The specific contribution of our study is to complement existing (predominantly manual) analyses of tweets during the first impeachment, which often focused on tweets from Donald Trump (Gould, 2021; Driver, 2021) or Senators (McKee, Evans & Clark, 2022), by using machine learning to examine the role of bots in a large collection of tweets. This complementary analysis has explicitly been called for in recent publications (Tachaiya et al., 2021), which performed large-scale sentiment analyses during the first impeachment (via Reddit and 4chan), but did not investigate the efforts at social engineering deployed via bots. Our specific contribution focuses on addressing three specific questions:

  • (Q1) Are bots actively involved in the debate?

  • (Q2) Do bots target one political affiliation more than another?

  • (Q3) Which sources are used by bots to support their arguments?

The remainder of this paper is organized as follows. In the next section, we explain how we gathered over 13M tweets based on six key dates of the first impeachment, and analyzed them using BERT (for sentiment) and Botometer (for bot detection) as well as bias ratings (for source evaluation) and Latent Dirichlet Allocation (for theme mining). We then present our results for a balanced sample of key political figures in the impeachment (including Adam Schiff, Joe Biden, Mitch McConnell, Nancy Pelosi, Donald Trump) as well as others relevant to our analysis. For transparency and replicability of research, tweets and detailed results are available on a third-party repository without registration needed, at https://osf.io/3nsf8/. Finally, our discussion contextualizes the answer for each of the three questions within the broader literature on computational politics and summarizes some of our limitations.

Methods

Data collection

For a detailed description of the Ukraine Whistleblower Scandal, we refer the readers to a recent analysis by McKee and colleagues who also contextualize this situation within the broader matter of hyper-polarization (McKee, Evans & Clark, 2022).

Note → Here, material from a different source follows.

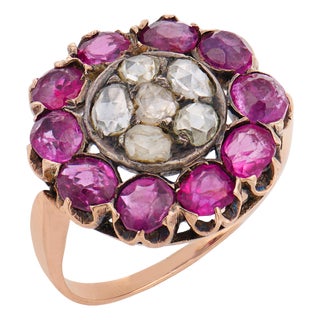 Early 20th Century Victorian Rose Cut Diamond Ruby Rose Gold Silver Ring, Size 5 For Sale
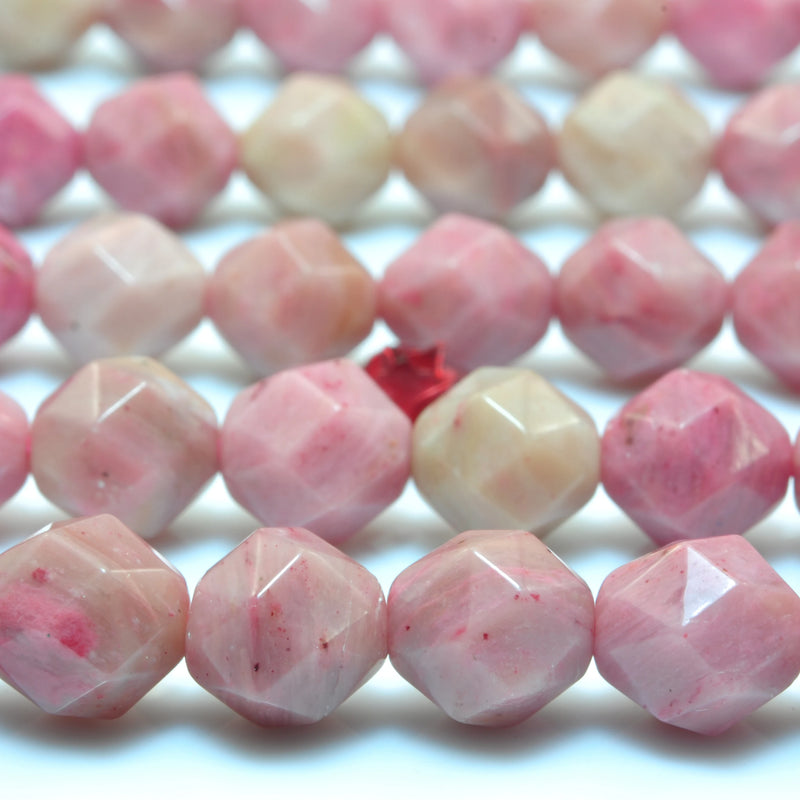 Pink Rhodonite Diamond Faceted Round Loose Beads Gemstone Bracelet Necklace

A short overview is as follows. On 9 September 2019, the House Intelligence Committee, headed by Rep. Adam Schiff, was alerted to the existence of a whistleblower complaint that involved the Trump Administration. Over the next 2 weeks, information from media reports indicated that President Trump had withheld aid to Ukraine possibly to pressure the new Ukrainian President to launch a corruption investigation into Democratic presidential hopeful Joe Biden’s son Hunter who had been on the board of a Ukrainian company when the elder Biden was Vice President during the Obama Administration (Trautman, 2019). By 25th September, House Speaker Nancy Pelosi, a Democrat, had launched an impeachment inquiry, and the Trump Administration had released notes from Trump’s call with the Ukrainian President that some saw as evidence that Trump had conditioned aid and a visit to the White House on Ukraine investigating Hunter Biden. Our data collection started soon after, covering six key dates leading to the impeachment process.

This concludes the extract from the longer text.